Proper intonation will assure that your guitar plays perfectly up and down the fret board and plays in perfect tune at each fret, at least as perfect as possible since perfect intonation is physically impossible. Setting the intonation on your bridge is easy, especially if you have a Kahler CAM system. All you have to do is know a few rules of the road. The simplest test for correct intonation is to strike the harmonic at the 12th fret and then play the 12th fret. By comparing the notes, you can determine if your intonation is out of whack or if it’s right on the money. But the human ear is not perfect. You really need a visual reference.... you need an electronic tuner or to get even a more precise intonation experience, you need a strobe tuner. But strobes are expensive and shelling out several hundred bucks to intonate a few guitars is not necessary unless you’re getting into the biz. A good quality electronic tuner with a needle will do just fine. So to start….
2D) Tune your guitar to standard 440 tuning using an electronic guitar tuner.
3D) Once tuned up, lightly touch your finger on the small E string right over the 12th fret and strike it for a harmonic sound. The tuner should read dead on zero because you just tuned it right?
4D) Next, actually play the 12th fret. Don’t push hard. You don’t want to stretch the string over the fret giving you a false reading. Watch the tuning line.
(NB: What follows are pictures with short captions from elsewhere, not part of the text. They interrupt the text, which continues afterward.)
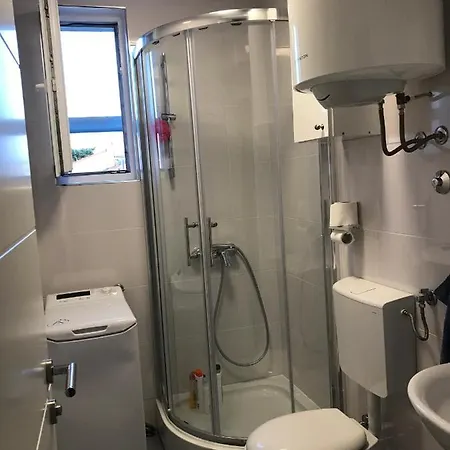 Lavanda Apartman *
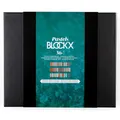 Blockx 12936PTIBXC – Holzkoffer mit 36 Pastellkreiden – Portrait Tiziana Ceschin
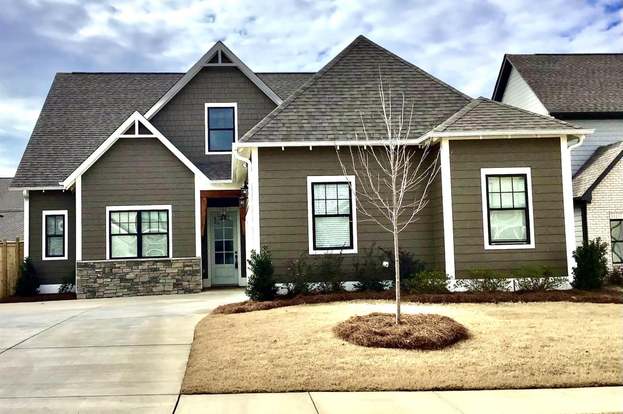 Griffin & Associates, P.A Hoover, AL Office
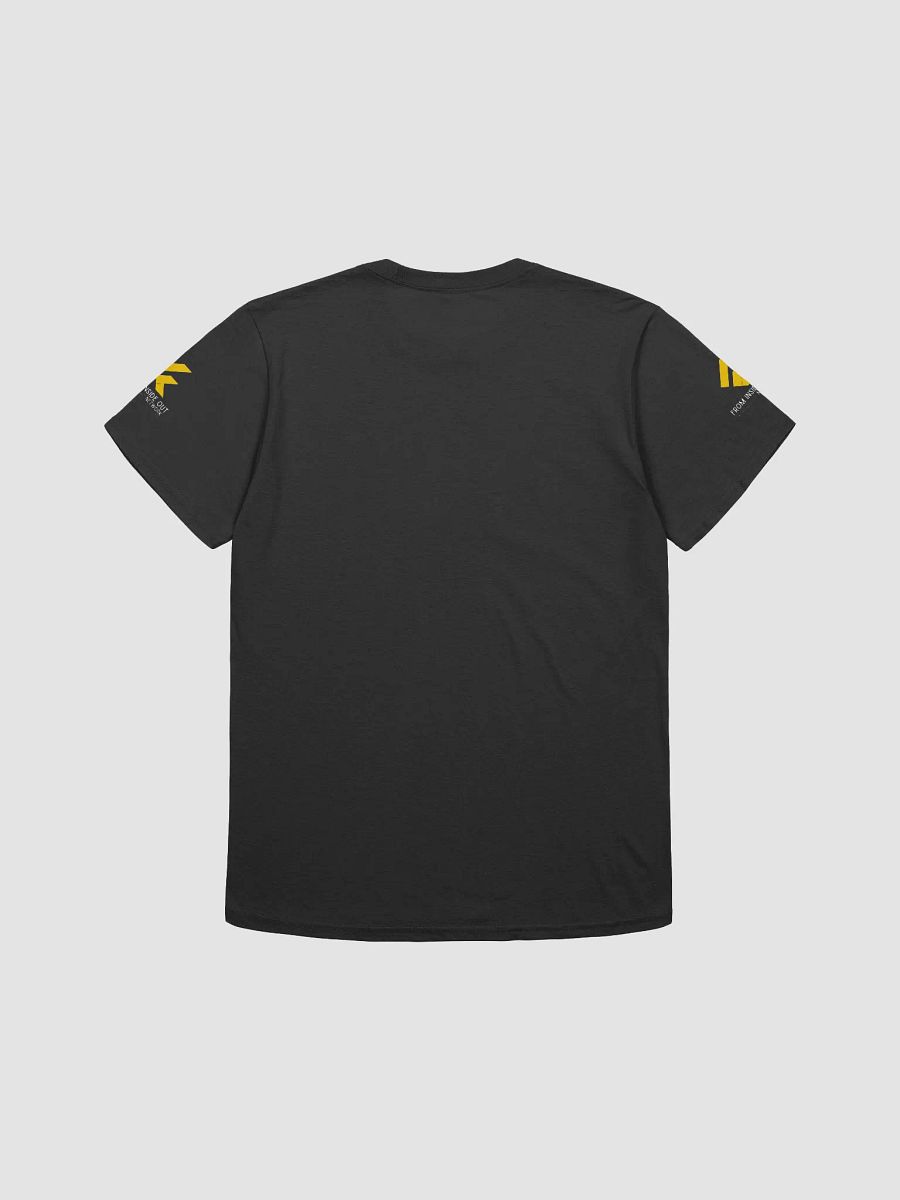 RelaxFit Unisex Softstyle Tee product image (8)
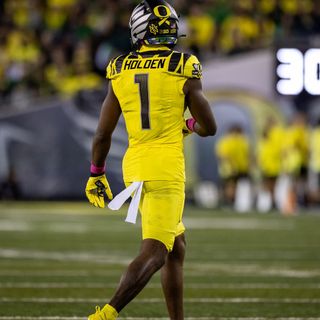 Traeshon Holden
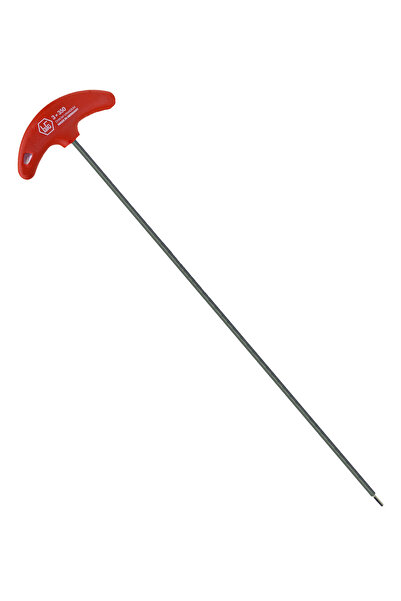 HAFU T Tipi Allen Anahtar 3 x 350 mm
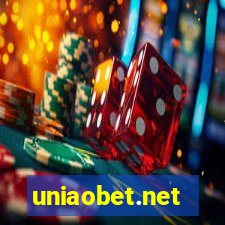 uniaobet.net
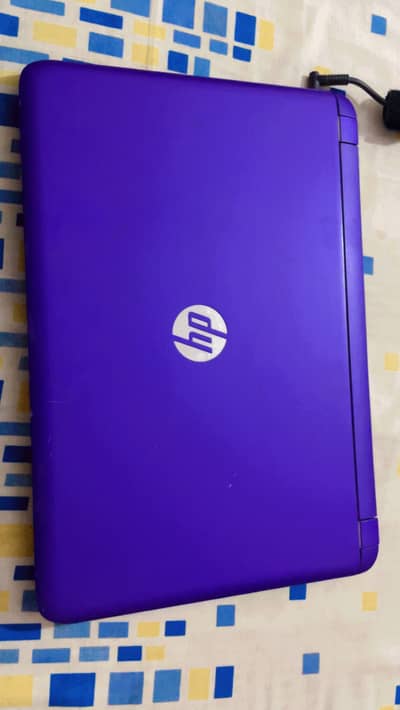 Hp Pavilion Amd A8 7 gen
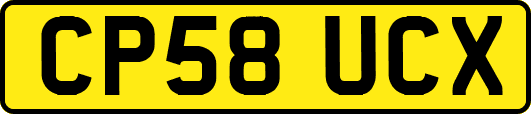 CP58UCX
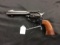 Alonzo Crull Revolver   Wabash, Indiana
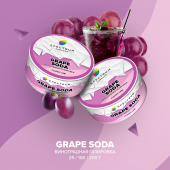 SPECTRUM Grape Soda 25gr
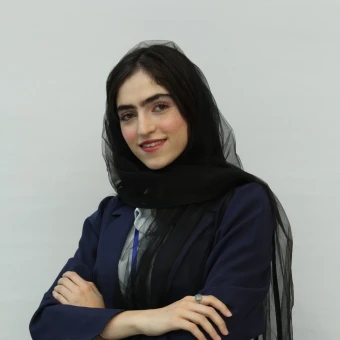 نازنین نصیری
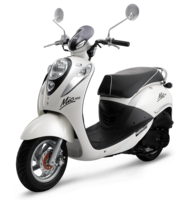 cars & Scooter free transparent png image.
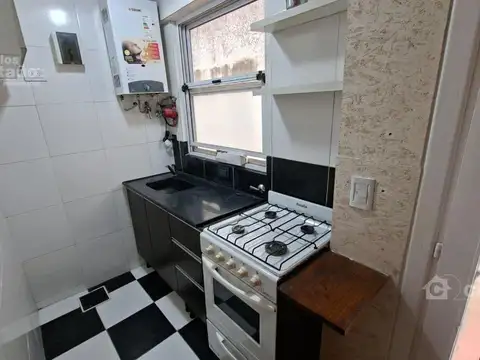 Depto Tipo Casa en Alquiler A Estrenar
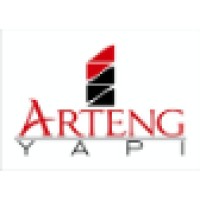 Arteng Yapı Logo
If the needle goes to the right of zero, the string is sharp…you need it longer. Left of zero means its flat…you want to shorten the string. Note: If the needle is erratic, lower the neck pickup volume and or the neck pickup a bit. You’re now ready to move on to the next step...
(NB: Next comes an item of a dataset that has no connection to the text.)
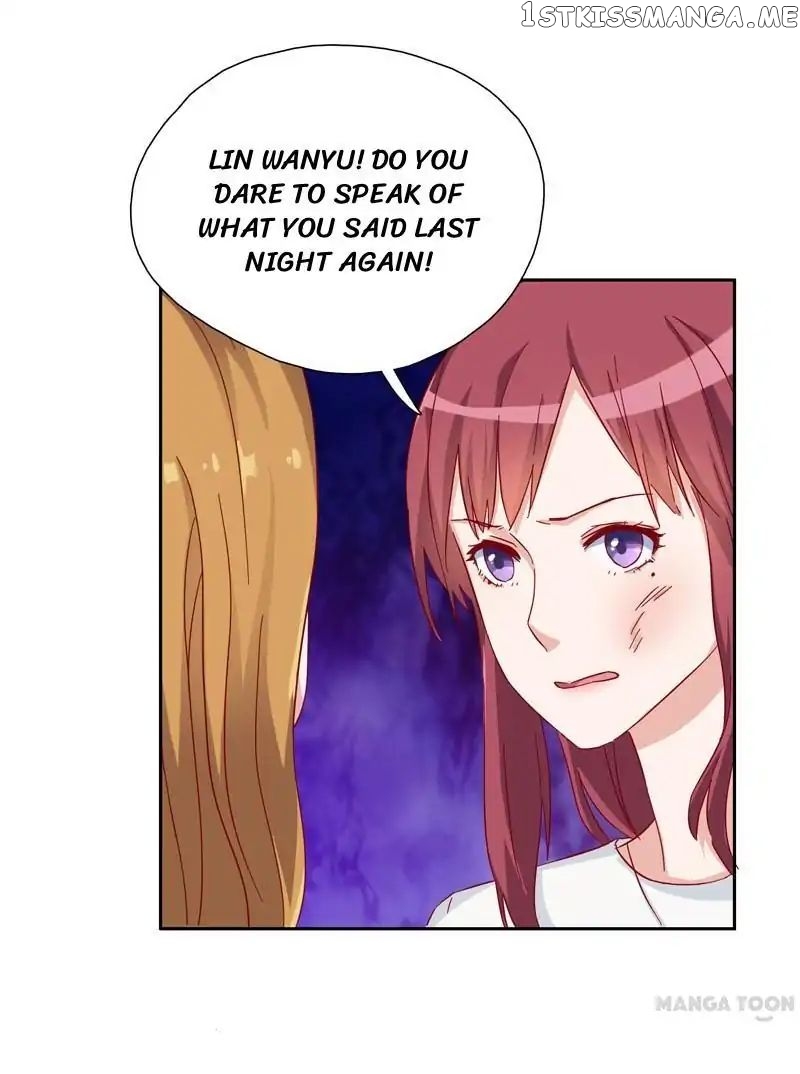 Arranged Marriage With My Beloved Wife chapter 3 - page 4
FYI: On all Kahler CAM systems, each saddle has a fork with a roller, the fork slides back and forth through the clamp plates. Barely loosen the Phillips just enough while keeping some clamp plate tension/grip so it won’t be necessary to re-tighten between re-tunings and re-tests.
5D) If the string is sharp, or to the right of the mark, it needs to be made longer. Barely loosen the Phillips in the saddle clamp plate and push the saddle back a tiny little bit, effectively lengthening the string. If the needle shows to the left of the zero mark, the string is flat and the string length needs to be shortened. Move the saddle fork a little toward the pickups.The idea here is to get the both open and fretted notes to be exactly the same on all 6 strings. They should match exactly at zero.
6D) Once all the strings are intonated, tighten the Phillips and double check each string for intonation. Redo them if necessary.